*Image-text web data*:
Segment Open

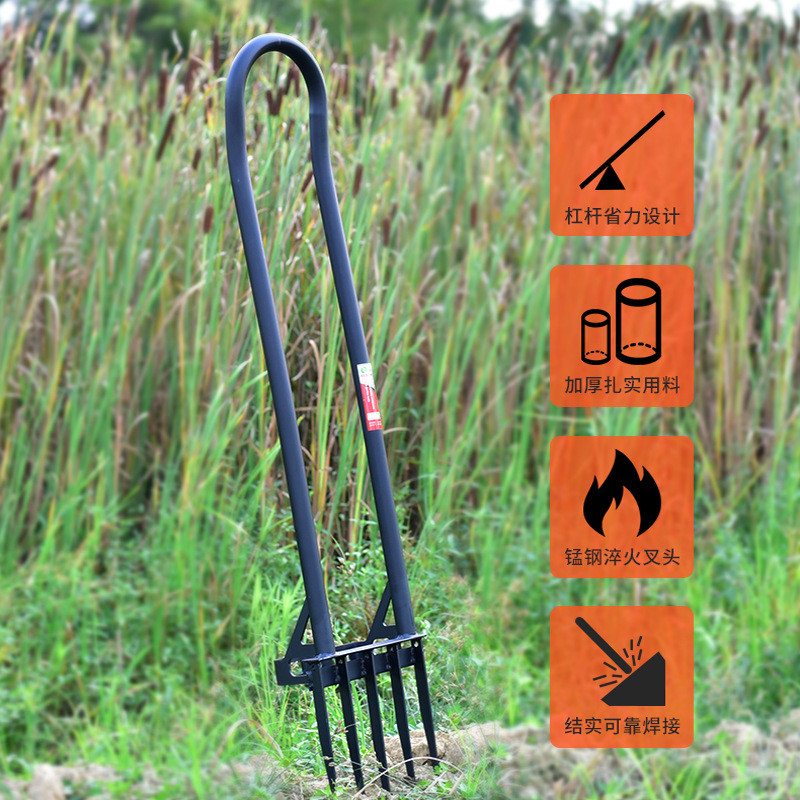 耙子工具重型翻土工具深翻器开荒农用人工翻地松土挖土翻地叉锄头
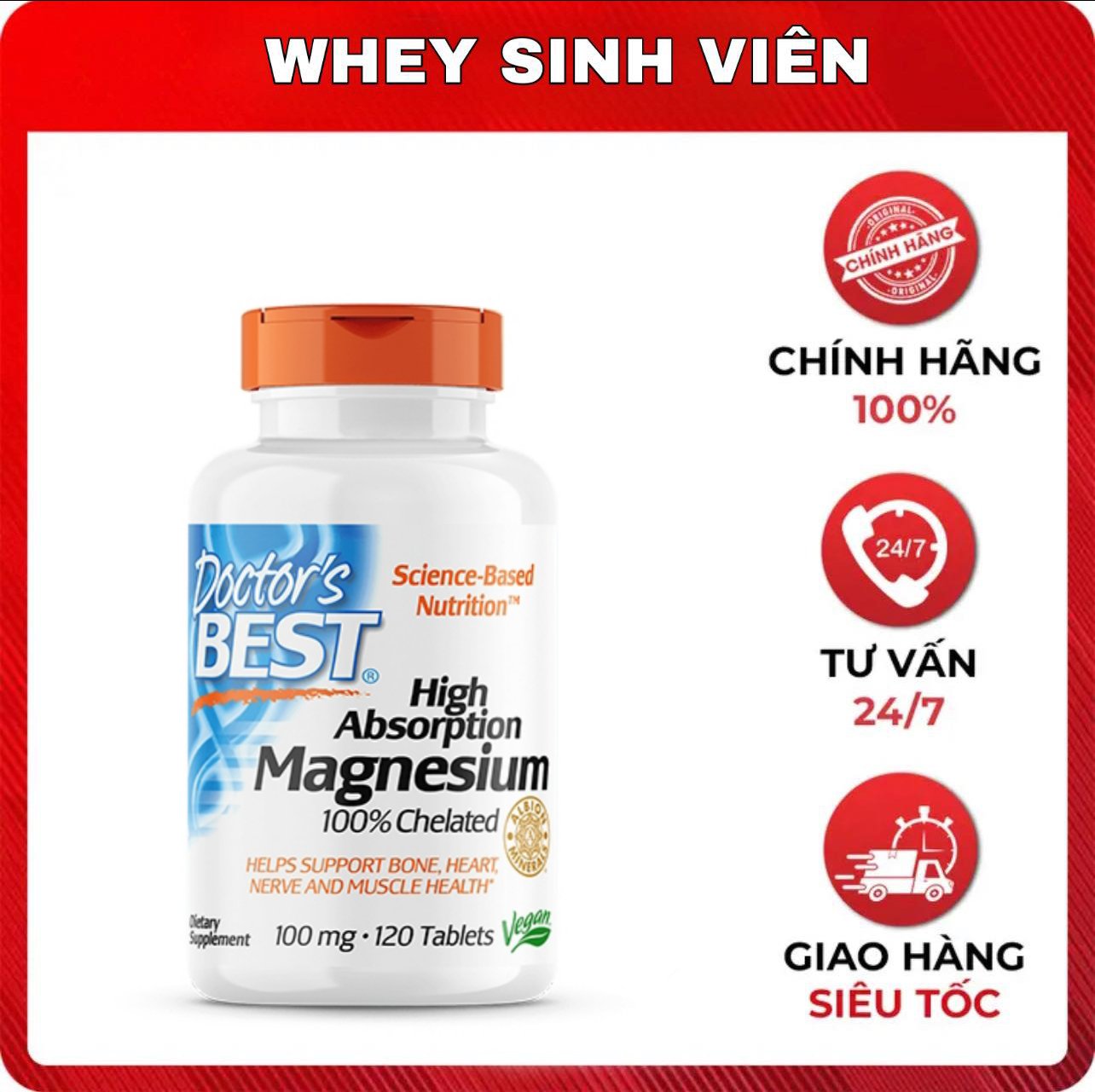 Doctor’s Best Magnesium 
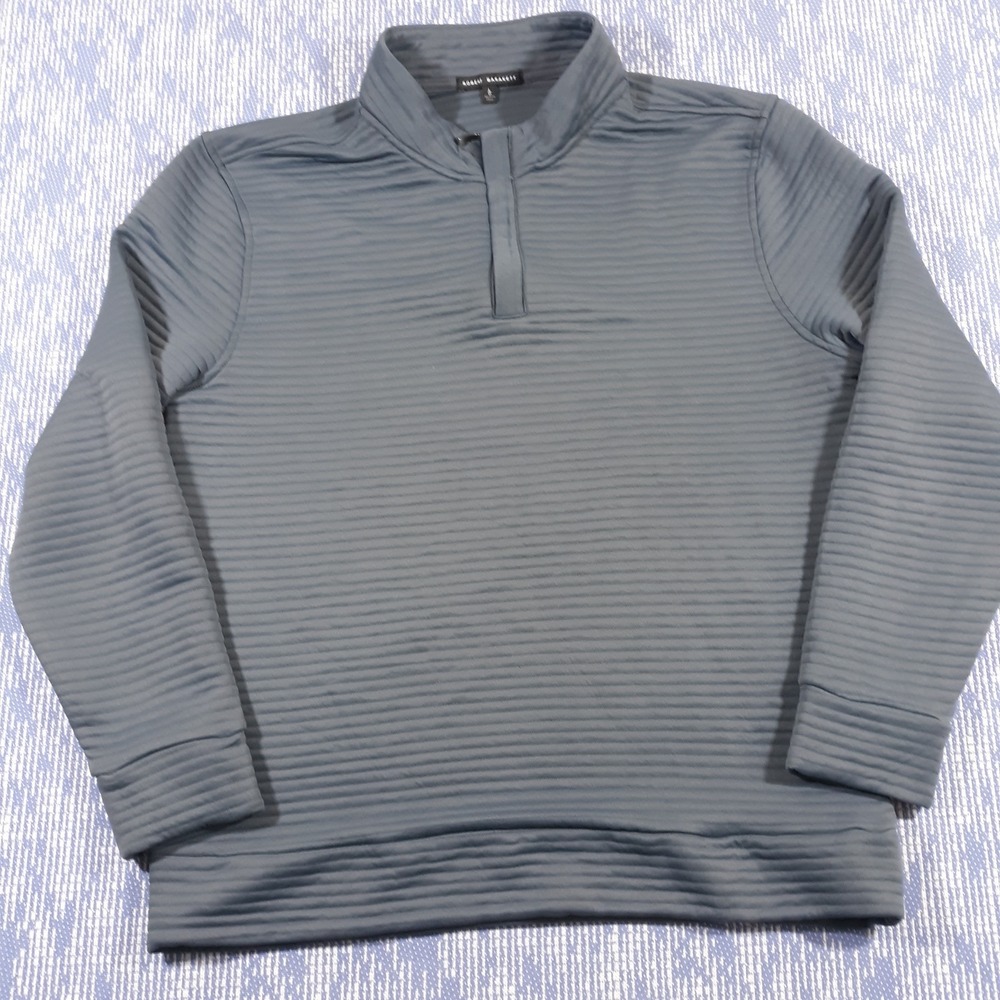 Robert Barakett Sweater Mens Size Large Pullover Diego 1/2 Zip Top Ribbed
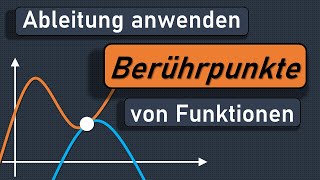 Berührpunkte von Funktionen Berührpunkt bestimmen Berührpunkt berechnen Tangente in Schnittpunkt [upl. by Airitac404]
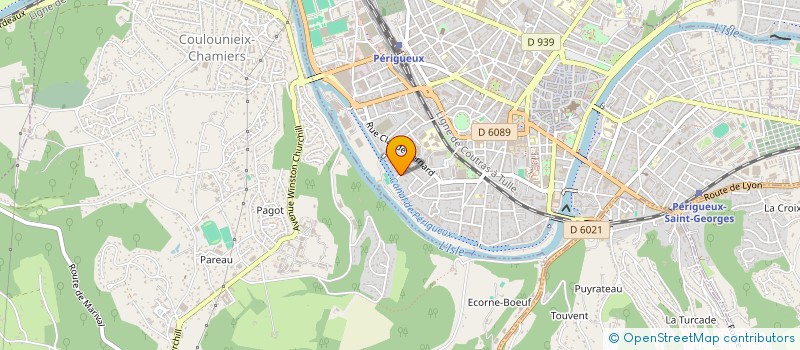 localisation de l'entreprise MONSIEUR DAWOOD NOORI  PERIGUEUX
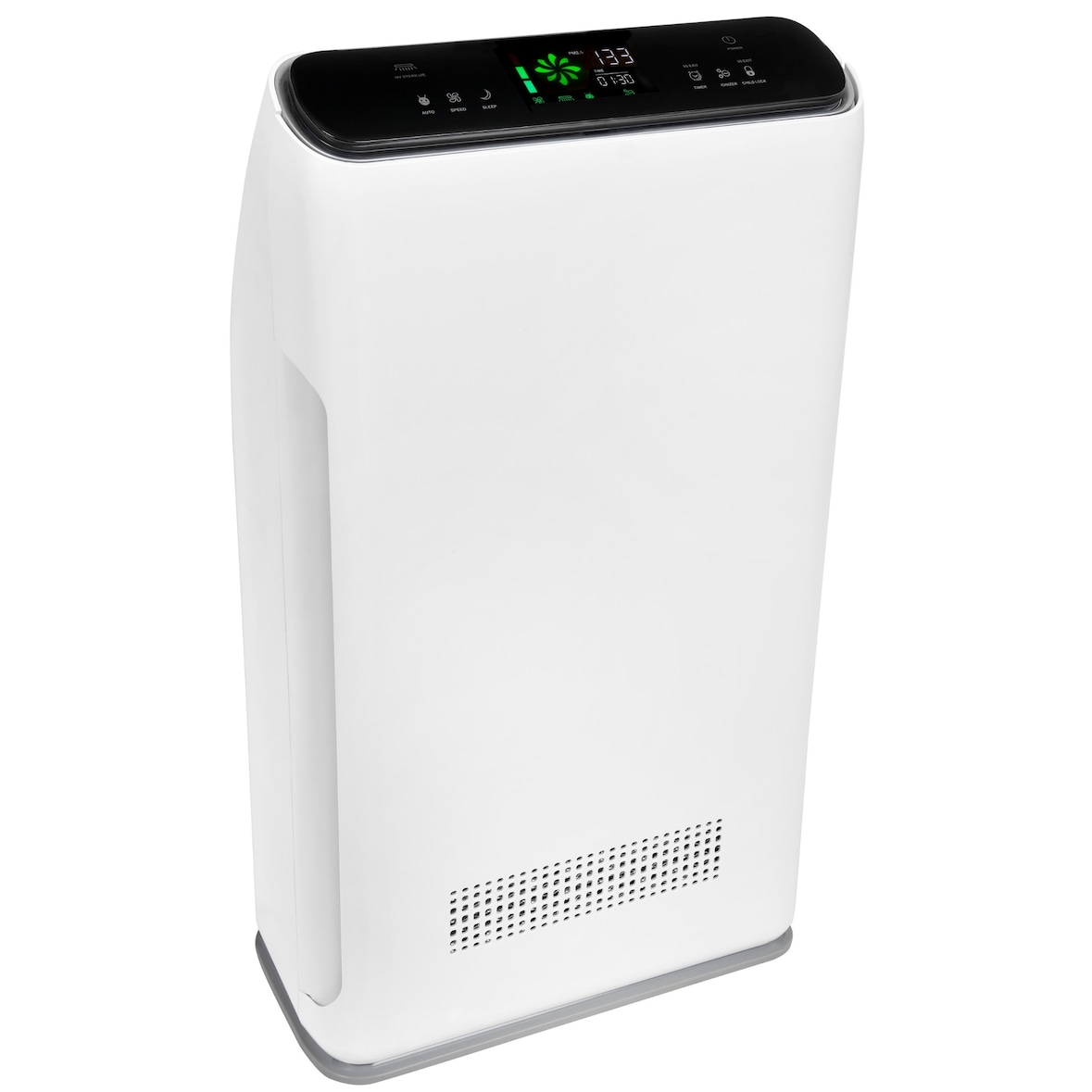 GUTFELS Luftreiniger für Wohnung, 7-Fach-Filtertechnologie, HEPA-13-Filter, inkl. Fernbedienung, für zu 40m² Raumgröße, LR 67014 we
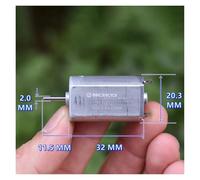 FF-180SV-3730 DC electronic starter 180SH DC 1.2V 2.4V 3V 3.7V 14200RPM High Speed 20mm electronic starter For Toy Car Boat Model Shaver RUAJOGYNVM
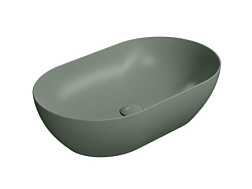 Накладная раковина Color-elements 60х37х16 см, цвет agave matte, санфаянс, GSI 883404 GSI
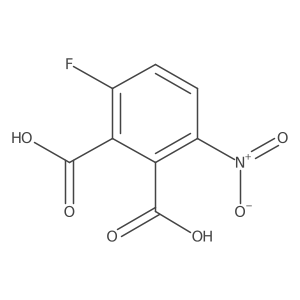 3-Fluoro-6-nitrophthalic acid Structure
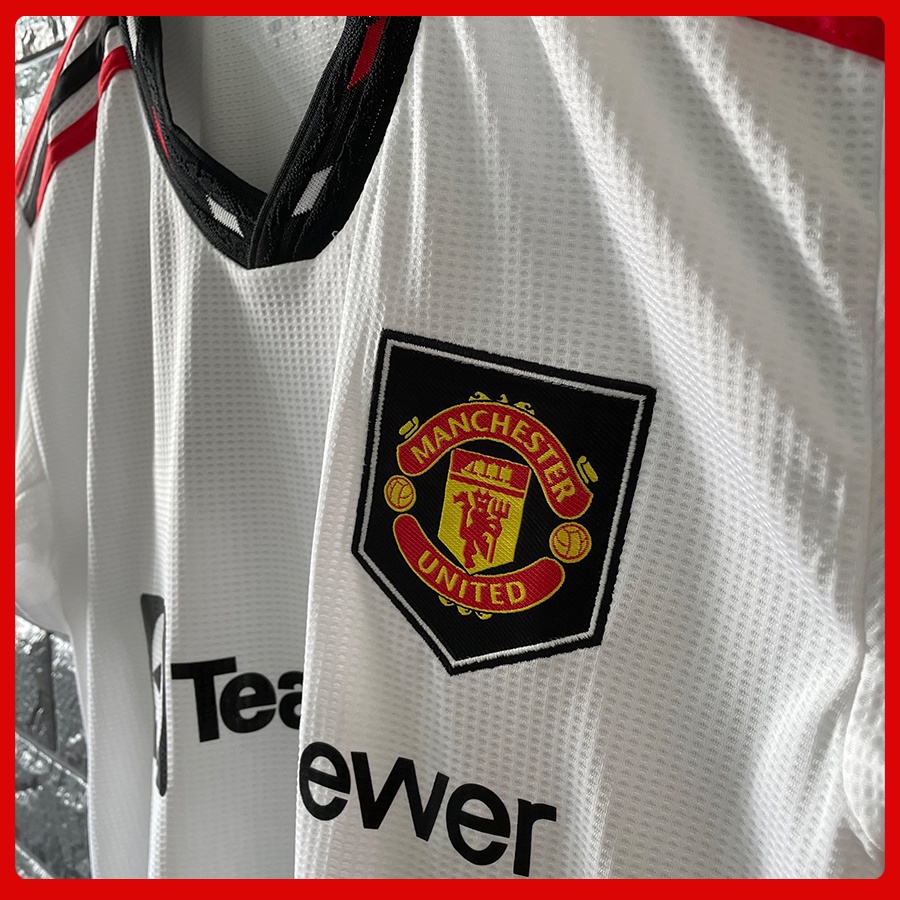 Set bộ thể thao quần áo bóng đá CLB Manchester United sân khách màu trắng 2022 bản SPF/ Bộ MU 2022 vải Thái cao cấp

Segment Closed

*Task objective*:
A picture must not appear in the copy. Transcribe exactly the lines from the one with "Накладная раковина Color-elements" through the final line of the entries, both included, and no more.

*Solution below*:
 Накладная раковина Color-elements 60х37х16 см, цвет agave matte, санфаянс, GSI 883404 GSI
 3-Fluoro-6-nitrophthalic acid Structure
 Set bộ thể thao quần áo bóng đá CLB Manchester United sân khách màu trắng 2022 bản SPF/ Bộ MU 2022 vải Thái cao cấp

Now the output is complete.